Politiker wollen ab 2030 nur noch abgasfreie Autos Deutschland ohne Diesel und Benzin - kann das funktionieren?

Elektro-Käfer: Ist ein Deutschland ohne Benzin und Diesel möglich?

7. Teil: Gibt es genügend Rohstoffe für Batterien und andere Technologien?

Tendenziell ja, aber eindeutig lässt sich diese Frage kaum beantworten. Viel hängt unter anderem davon ab,

- ob sich emissionsfreie Autos sich auch auf anderen Erdteilen durchsetzen

- welche Technologie sich durchsetzt (schon bei Lithium-Ionen-Batterien gibt es mindestens vier Varianten, die unterschiedliche Metalle benötigen)

- welche Vorkommen sich bei steigenden Preisen und mit neuen Fördermethoden erschließen lassen.

Auch die Bundesregierung dürfte keine klare Antwort haben.
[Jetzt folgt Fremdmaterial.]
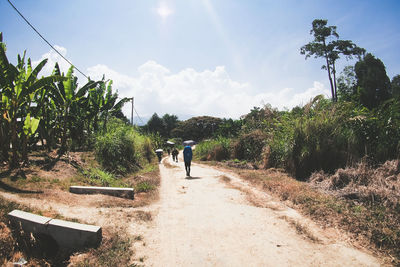 People walking on dirt road against sky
Im von ihr beauftragten offiziellen Report "Rohstoffe für Zukunftstechnologien 2016" gibt es noch nicht mal ein Szenario, in dem im Jahr 2035 ausschließlich emissionsfreie Autos fahren.
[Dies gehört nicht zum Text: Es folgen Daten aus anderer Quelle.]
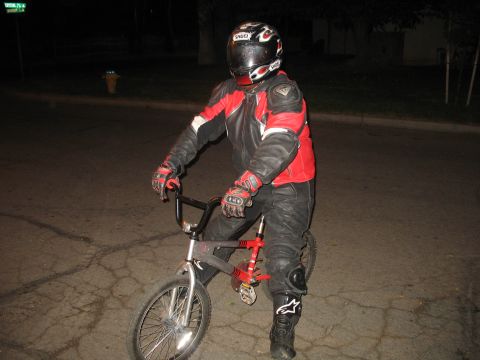 2007 Yamaha R1 - A person dressed in full motorcycle attire is seated on a bicycle at night.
In der aggressivsten Projektion mit dem Titel "Marktdurchdringung E-PKW" liegt der Anteil von batterieelektrischen Autos in 19 Jahren weltweit bei lediglich 10 Prozent, Brennstoffzellenautos kommen auf unter 5 Prozent. Konventionelle Verbrenner liegen noch bei knapp 60 Prozent.

Schon in diesem Szenario läge der Lithium-Bedarf nur für Elektroautos aber knapp viermal so hoch wie die heutige gesamte Weltproduktion. Und die Autoren gehen davon aus, dass die Fahrzeuge kleinere Batterien haben als heute - was unwahrscheinlich ist.

Zahlen der US-Geologiebehörde USGS legen wiederum nahe, dass die Welt über enorme Lithium-Vorkommen verfügt. Bei derzeitiger Fördermenge reichen die Reserven 437 Jahre. Und die Erfahrung zeigt: Wenn Nachfrage und Preis steigen, werden weitere Vorkommen wirtschaftlich abbaubar. Das Recycling von Lithium-Ionen-Batterien steckt zudem noch in den Anfängen.

Weitere Rohstoffe für Lithium-Ionen-Batterien sind Kobalt, Nickel und Mangan. Wenn sich Batterie-Elektroautos durchsetzen, müsste deren Weltproduktion laut dem Bericht der Deutschen Rohstoffagentur weit weniger stark erhöht werden als bei Lithium.

Brennstoffzellenautos hingegen benötigen heutzutage recht viel Platin. Sollten diese Fahrzeuge zum Siegeszug ansetzen, müsste sich die weltweite Platin-Förderung laut der Rohstoffagentur vervielfachen. Angesichts üppiger Reserven (für derzeit 353 Jahre) wäre dies theoretisch denkbar. Wahrscheinlicher ist, dass eine Alternative für Platin gefunden wird.